I came around to it after awhile. The money thing was whatever, I found out that it wasn't an issue. You could take the money off the people you hunted, and you'd be fine. Or, you could do the easy way and do some bitch work for someone (there's always someone looking for something) and get money that way. That's how I met the Carthians. To say that the Kindred world is real light in complexion is maybe an understatement. Seemed like the Carthians had a bit more diversity, which probably was what first lured me in. I don't want to say that was my first reason, but I'm pretty sure looking back on it that it was.

I'd been alright in school, though obviously athletics was my forte, so I was pretty vaguely aware of activism and the like, but nothing like the Carthians were talking. Some of the debates made my head hurt. Hell, they still do sometimes. It was hard to understand the concept of disagreements being alright even if they were nasty disagreements (and they were sometimes). Probably lasted until after I was released even to join the covenant.

I never really cut ties with the Ordo Dracul though. I realized early on it was a lot less of what you knew and a lot more of who you knew. I wasn't very good at the intellectual side of things, but I looked scary as fuck. Beyers didn't look that scary, and other folks didn't either, so I got tapped a lot to interject before the Axe was called in. You know, the warning before the threat kind of thing. It paid the bills and I learned from doing it. They taught a lot of things to people who are patient enough and assertive enough to ask. I wasn't at first, of course, but the longer you sit at bitch level, the more likely you are to finally cut loose and just get it.
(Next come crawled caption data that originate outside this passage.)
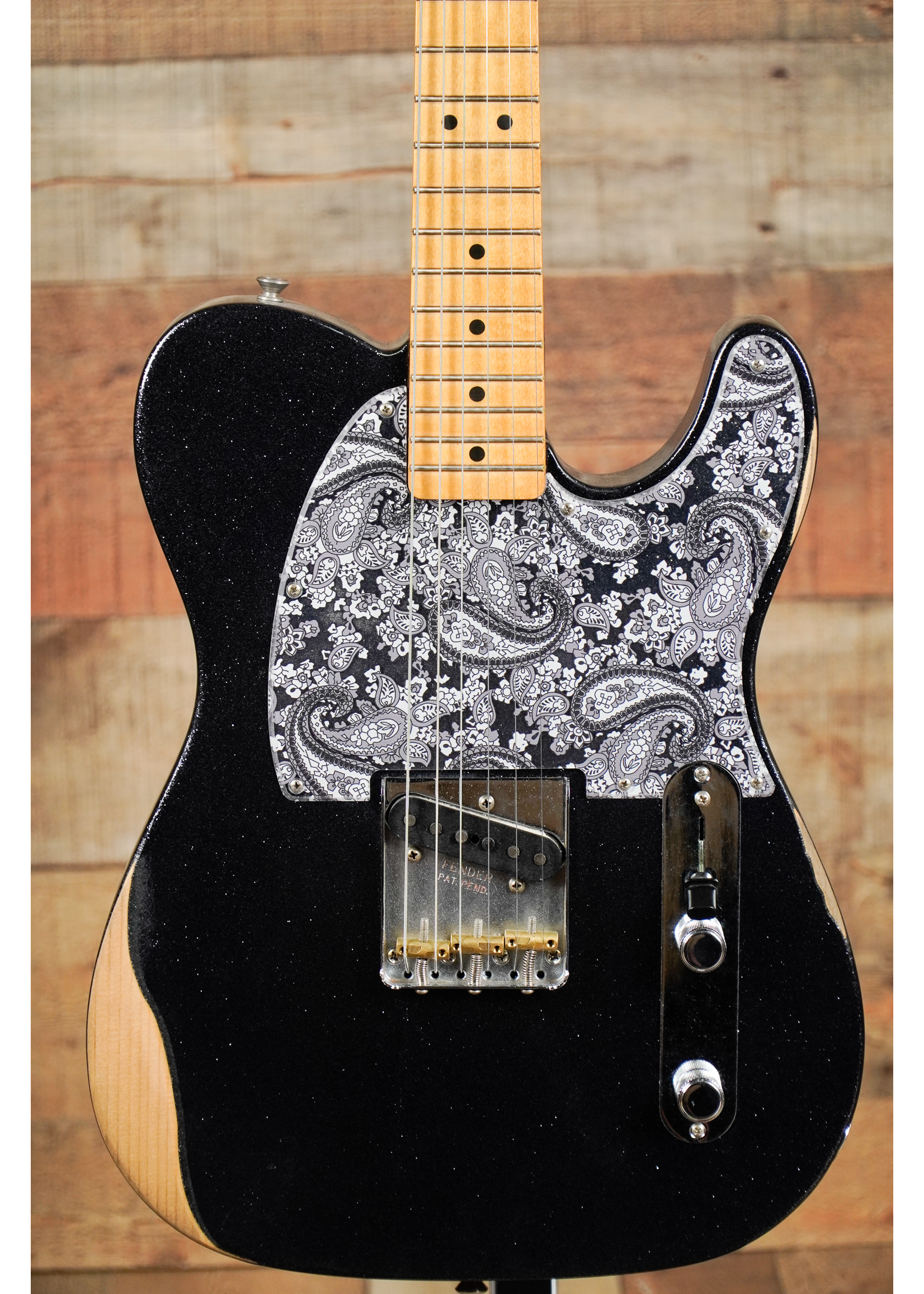 Fender Fender Brad Paisley Esquire® Black Sparkle
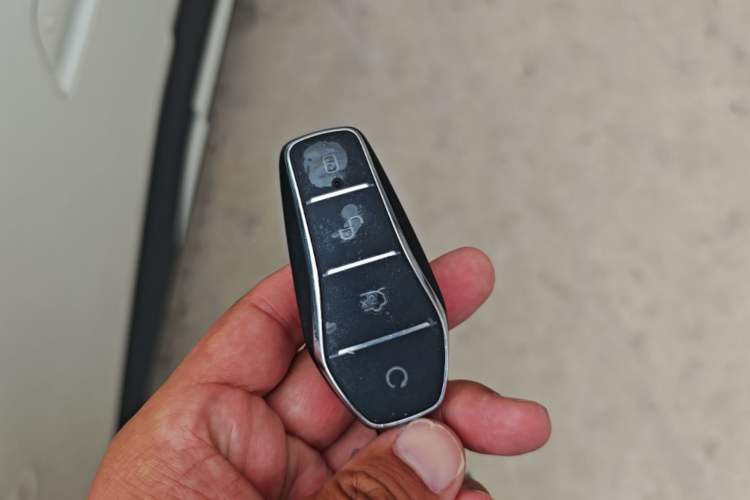 Used BYD Seagull 2025 Intelligent Driving Version 305 km Dynamic Edition Vehicle Key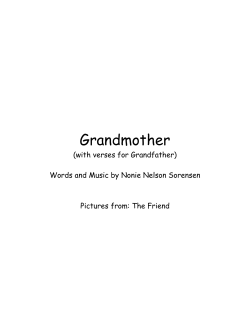 Grandmother - JollyJenn.com
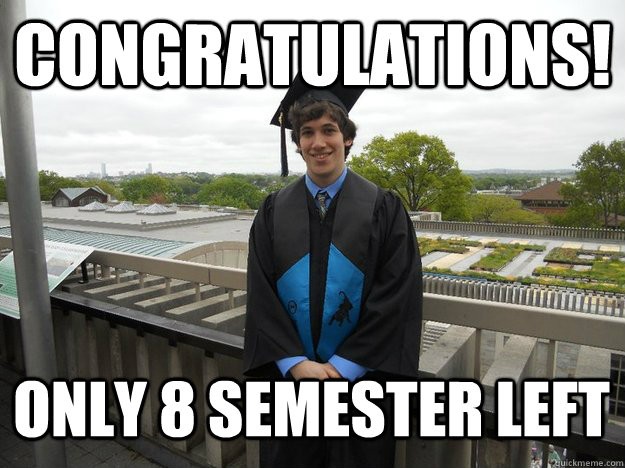 Semesters Meme
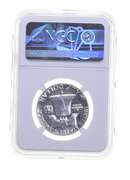 PF65 1950 Franklin Half Dollar - Graded NGC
So that's how I wound up with both ties to the Carthian Movement and the Ordo Dracul. There wasn't really anything than that. The Carthians fulfilled my need to actually deal with other people, and my ties with my sire and the Ordo Dracul fulfilled my needs to feel like I have something to advance towards. I'll probably never be like the Mekhet who permeate the order, or the Daeva who permeate the Carthians, but I'm pretty comfortable with my own skin. If I weren't, I don't even know where I'd be now.

And what is now? Well, I'm recording this for you so you know where I'm at before I get into my car and head across the way to Vegas. I got to go there once when I turned twenty-one, and I've been interested in going to see how it looks now. Pictures only do so much, you know. I'm hoping when I get there that I can integrate myself with the two covenants and their membership there too. I heard there's a black guy serving the Overloard as Prince who's pretty educated, and pretty open to newcomers. If that's the case it shouldn't be much of a problem to fit in at all. It's not like I need a lot of upkeep anyway.

I like to think I'm a no-nonsense but not-problematic person. I'm not entirely sure what I'm doing as a Kindred yet, but I know that I'm looking to advance myself. I figure that's good enough for now until I figure out what I want, and where I want to go. Since I have clearance to skip out on the Caucus coming up, I'm making the trip now. Or well, as soon as I'm done here. Luckily it's not too far of a drive to head at alone.

Sometimes, all you got is yourself anyway.